> What to do:
Reproduce exactly only the lines from the line that holds "Screenshot for Age of Wonders: Shadow Magic" to the line that holds "Customizable Unisex Staple Tee in Red", inclusive, in the listing below, and please leave out every picture.

> Records for the exercise:
*** Block opens ***
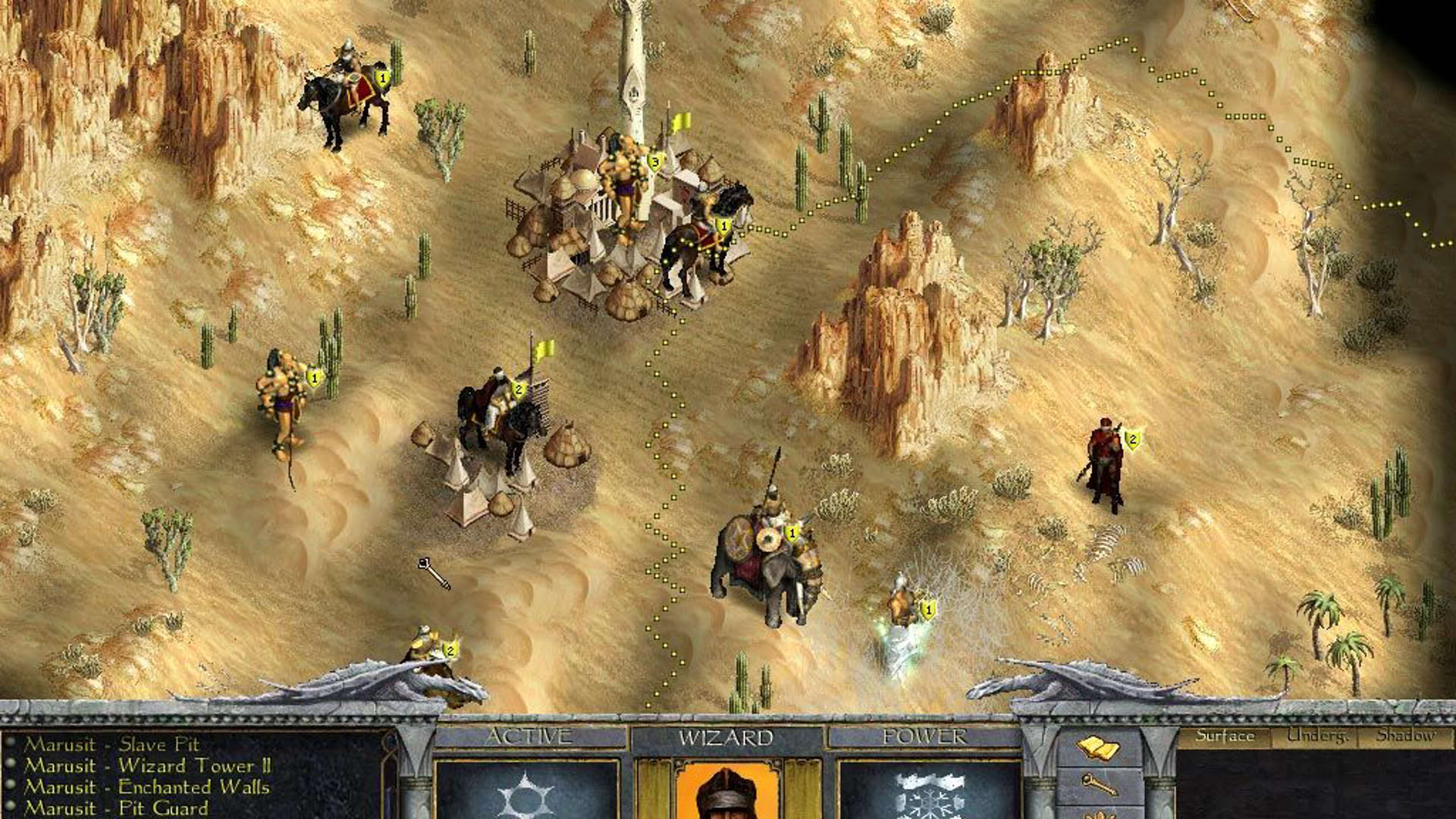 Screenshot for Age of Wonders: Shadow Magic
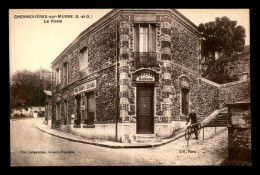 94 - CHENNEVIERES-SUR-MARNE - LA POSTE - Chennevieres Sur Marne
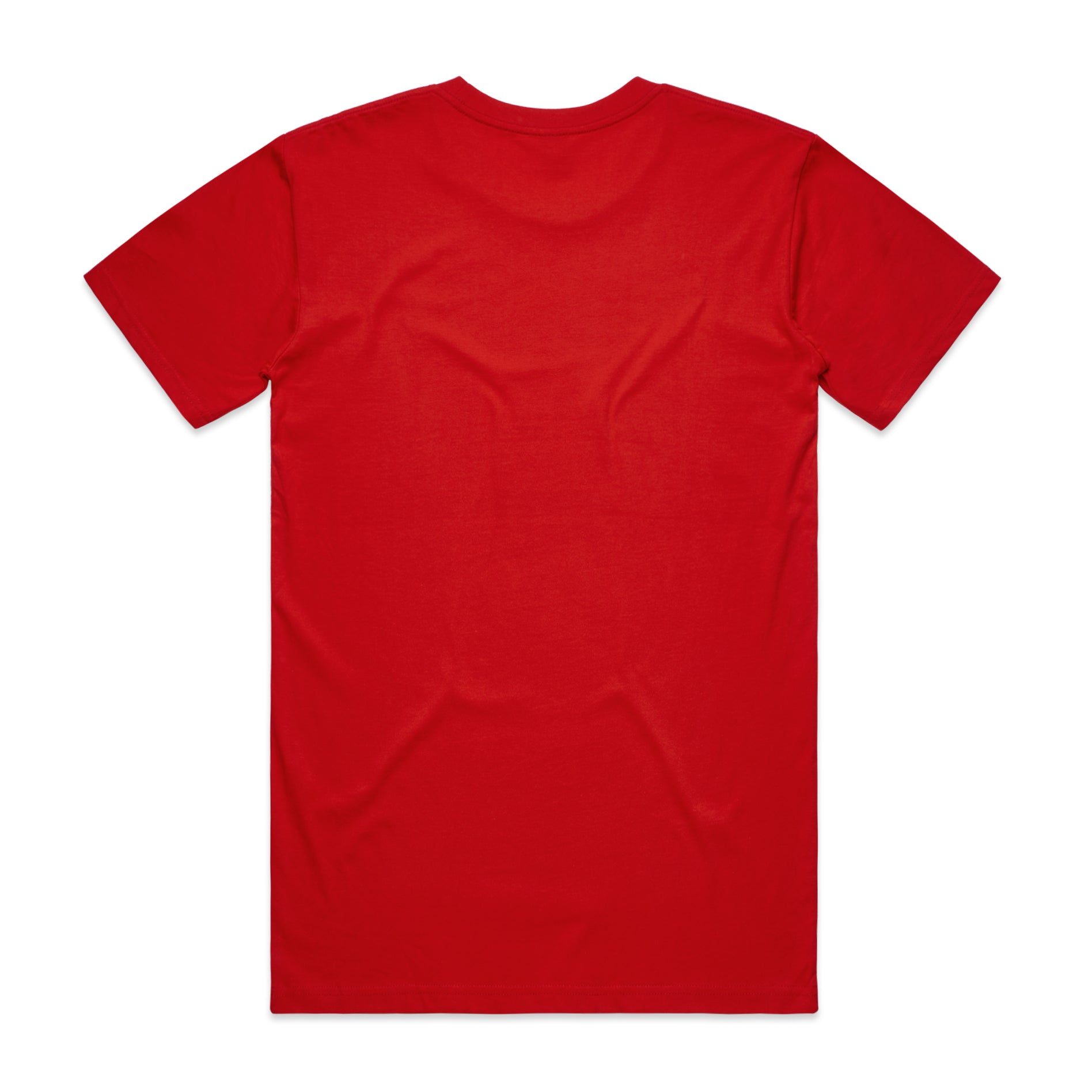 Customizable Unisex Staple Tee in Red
*** Block closes ***
*** Block opens ***
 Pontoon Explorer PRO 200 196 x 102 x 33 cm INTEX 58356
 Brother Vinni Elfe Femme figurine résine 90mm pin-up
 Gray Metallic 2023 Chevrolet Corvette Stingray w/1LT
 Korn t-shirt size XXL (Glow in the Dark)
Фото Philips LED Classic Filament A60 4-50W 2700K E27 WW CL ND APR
*** Block closes ***
*** Block opens ***
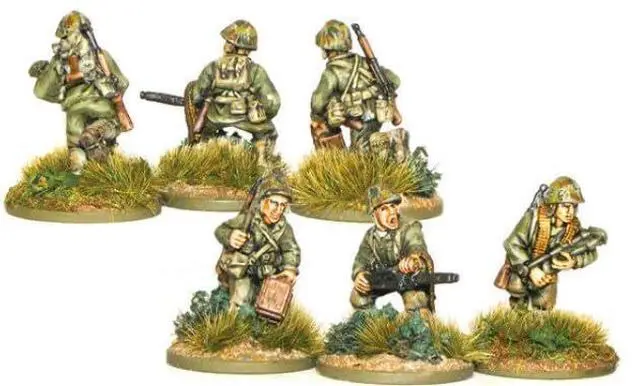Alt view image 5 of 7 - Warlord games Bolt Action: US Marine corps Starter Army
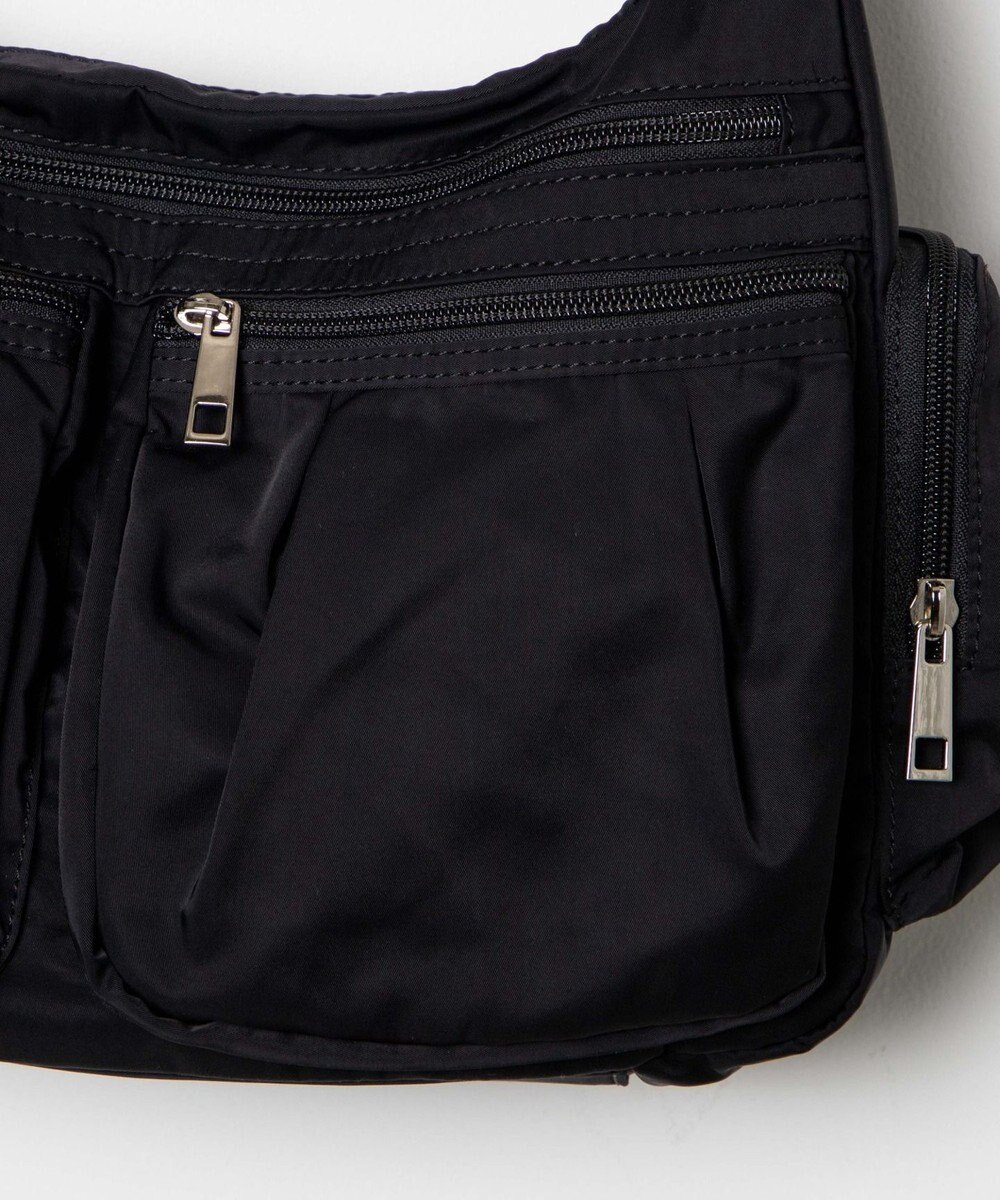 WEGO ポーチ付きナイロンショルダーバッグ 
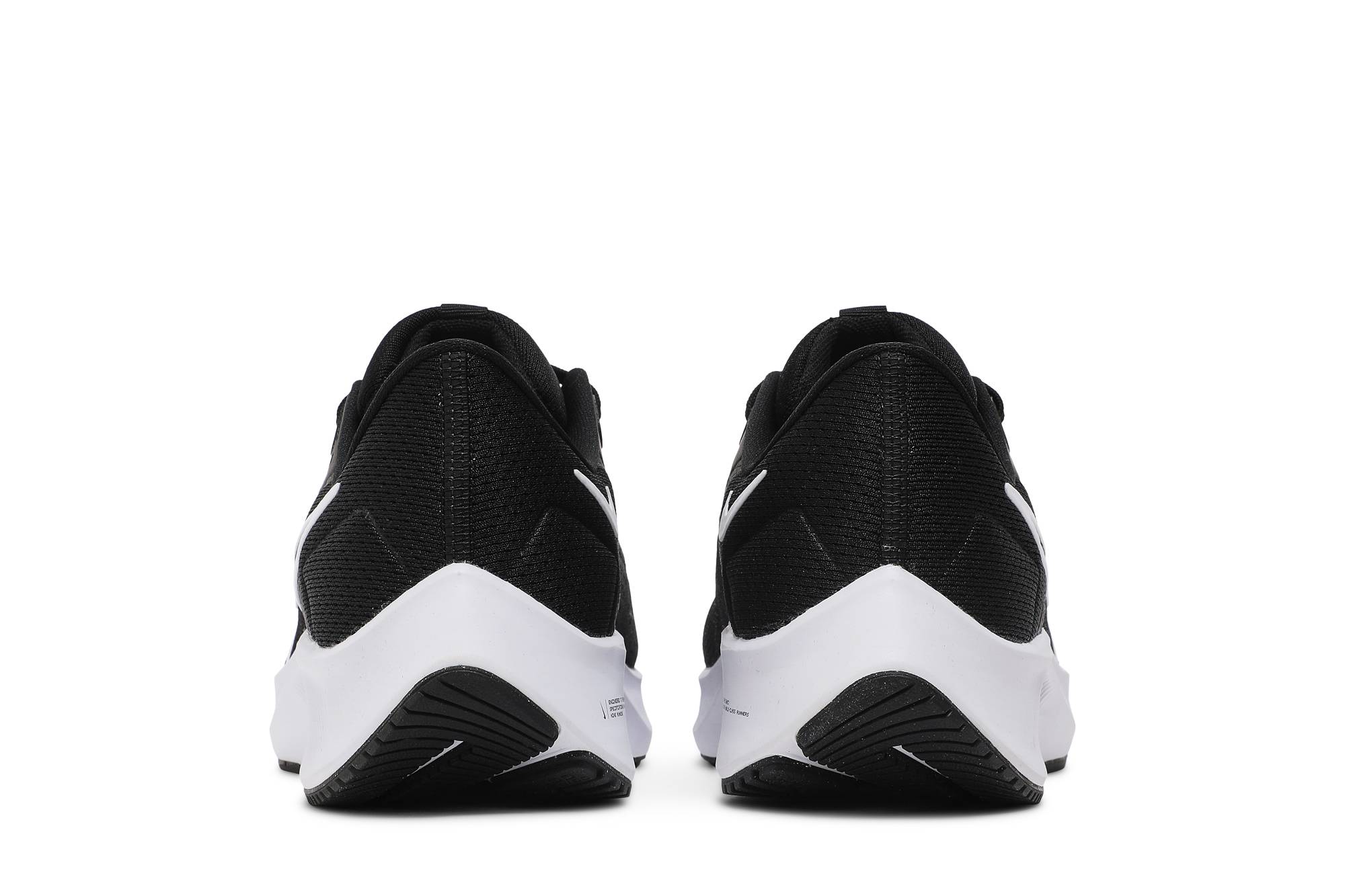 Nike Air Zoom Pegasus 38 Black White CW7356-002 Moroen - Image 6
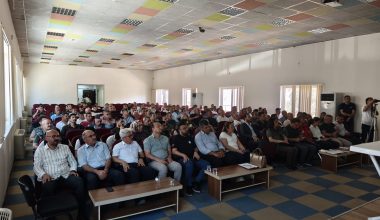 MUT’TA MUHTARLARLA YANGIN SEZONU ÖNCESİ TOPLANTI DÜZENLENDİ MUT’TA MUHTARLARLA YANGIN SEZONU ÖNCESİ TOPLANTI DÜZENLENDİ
*** Block closes ***
> Answer section:
 Screenshot for Age of Wonders: Shadow Magic
 94 - CHENNEVIERES-SUR-MARNE - LA POSTE - Chennevieres Sur Marne
 Customizable Unisex Staple Tee in Red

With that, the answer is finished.